Monday, February 28, 2005

Analyzing Ambiguous Statements

Section 8(a)(1) prohibits employers from making coercive statements to employees about their union activity. Employers occasionally utter ambiguous statements that have several reasonable interpretations, some coercive and some not. Recently, the Board split over how to analyze these ambiguous statements. Joseph Chevrolet, Inc., 343 NLRB No. 2 (2004).

In Joseph Chevrolet, the employer terminated a shop steward after he misrepresented that he performed some work that he had not. The employer told the discharged employee “your job got fucked up at the bargaining table.” The General Counsel issued a complaint alleging that this statement violated Section 8(a)(1) by linking the employee’s discharge to his union activity.

The Board majority (Members Liebman and Walsh) found that the employer’s statement coercively linked the employee’s discharge to union activity and that it therefore violated Section 8(a)(1). In dissent, Member Schaumber found that the statement was lawful because it was ambiguous and susceptible to noncoercive interpretations. He noted that the collective bargaining agreement expressly authorized the employer to terminate employees for charging a customer for a repair not made. Member Schaumber thought that it was reasonable to interpret the employer’s statement -- that the employee’s “job got fucked up at the bargaining table” -- as communicating that the employee lost his job for committing an offense worthy of discharge under the collective bargaining agreement. Member Schaumber stated that “since the statement’s meaning is ambiguous and allows for lawful interpretations, the General Counsel has not met his burden of establishing by a preponderance of the evidence that making the statement violated Section 8(a)(1) of the Act.” Id. at 4 (emphasis added). Member Schaumber did not deny the existence of a reasonable, coercive interpretation of the employer’s statement.
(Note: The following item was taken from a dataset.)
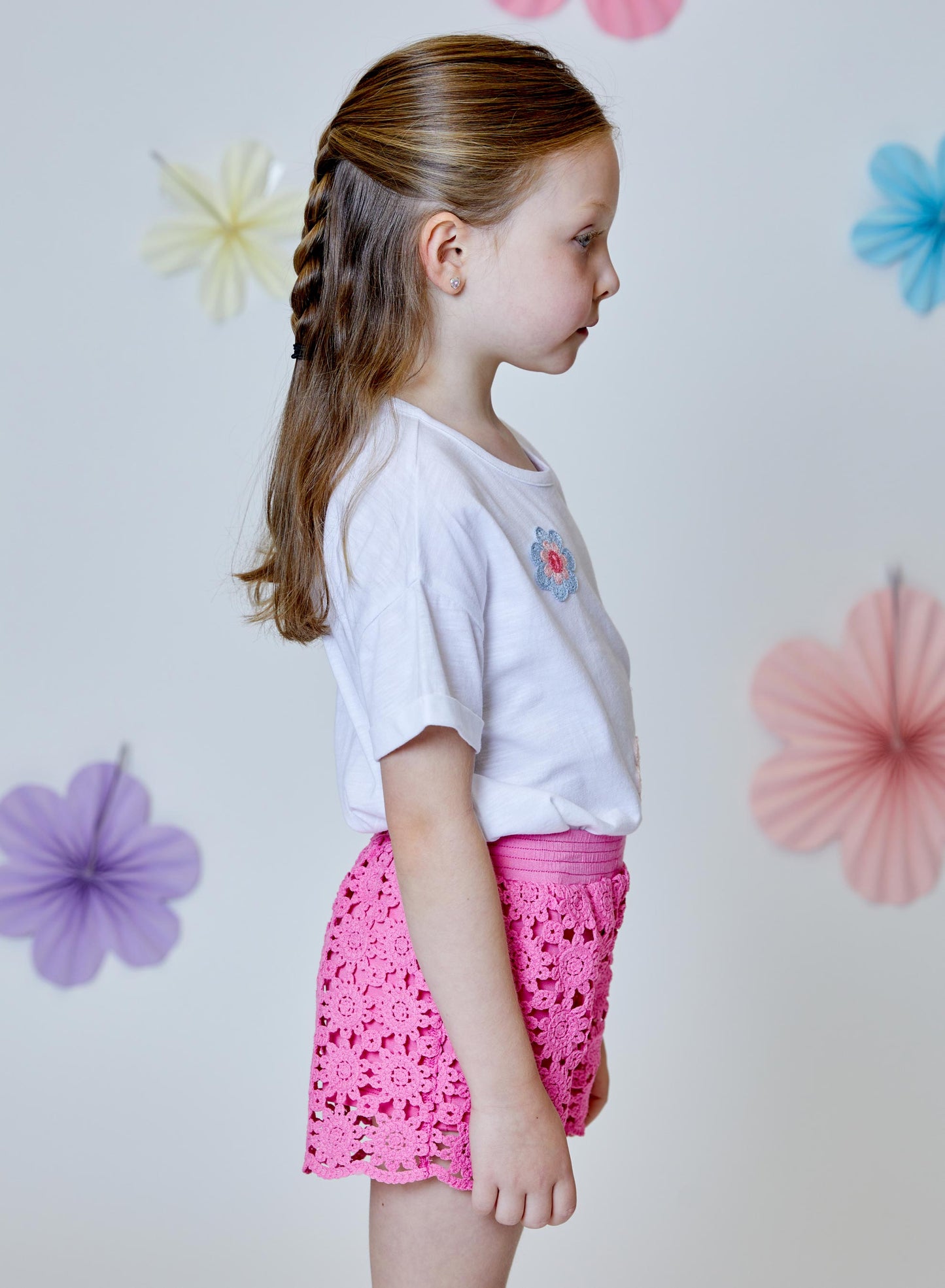 White Daisy Top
In response to the dissent, the majority explained that “[t]he test of whether a statement is unlawful is whether the words could reasonably be construed as coercive, whether or not that is the only reasonable construction.” Under this rule, the majority found that the statement violated the Act, even accepting Member Schaumber’s position that the statement was ambiguous and susceptible to a reasonable, noncoercive interpretation.

Member Schaumber espoused the most pro-employer rule of the following three possible alternatives:

1. An ambiguous statement violates Section 8(a)(1) if it has at least one reasonable, coercive interpretation.
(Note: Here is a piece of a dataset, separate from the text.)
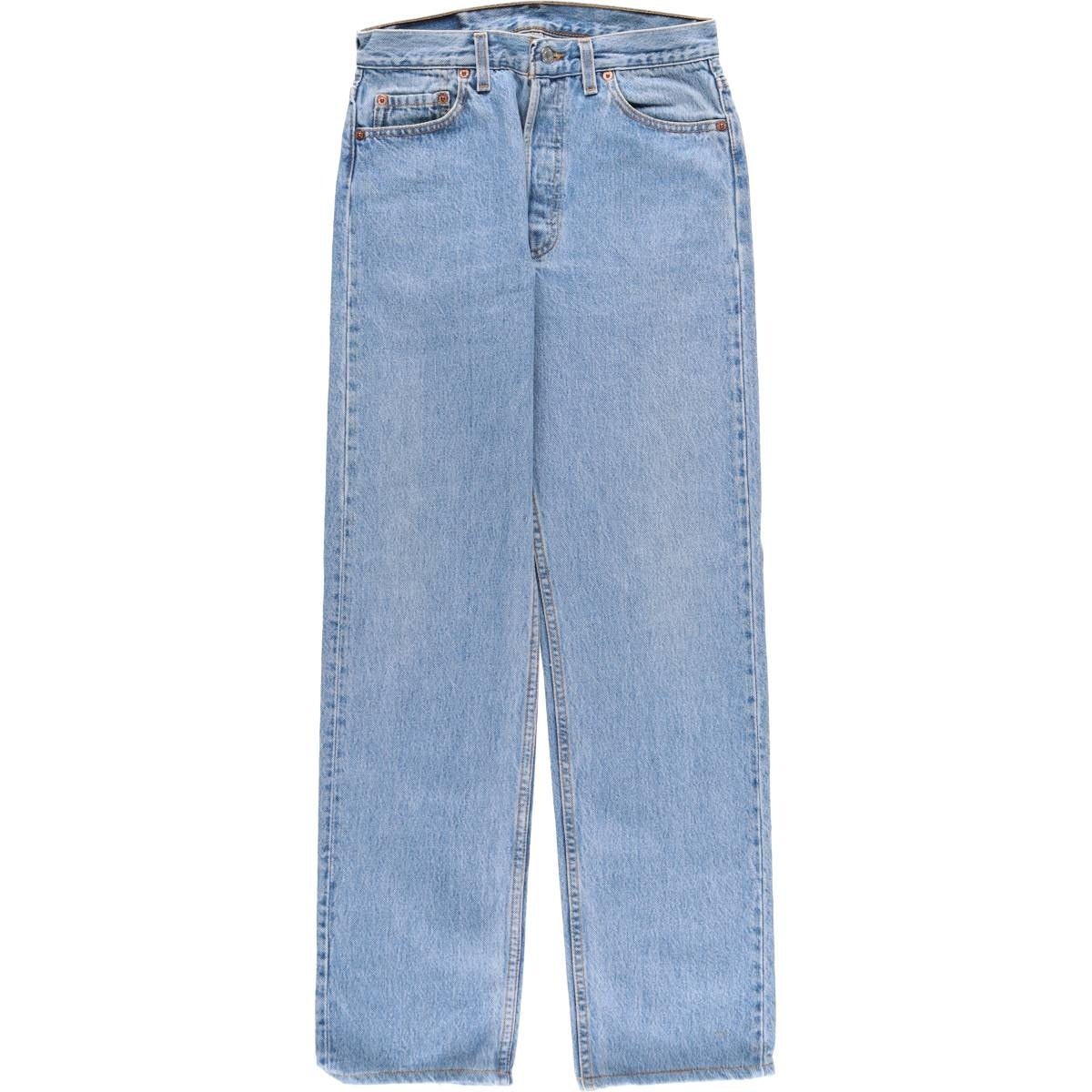 古着 90年代 リーバイス Levi's 501-0193 ストレートデニムパンツ USA製 レディースL(w28)相当 ヴィンテージ/eaa628209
2. An ambiguous statement violates Section 8(a)(1) if its most reasonable interpretation is coercive (among competing reasonable interpretations).

3. An ambiguous statement is lawful if it has at least one reasonable, noncoercive interpretation.

I think that the Board majority wisely employed the most pro-General Counsel of these three alternatives. Where multiple reasonable interpretations of an ambiguous statement exist, we cannot be sure that employees will adopt a noncoercive interpretation over a coercive interpretation. Some employees may hear the coercive message. Thus, to ensure that employers do not interfere with Section 7 rights (purposefully or otherwise), the Board is wise to use the pro-General Counsel rule in Joseph Chevrolet.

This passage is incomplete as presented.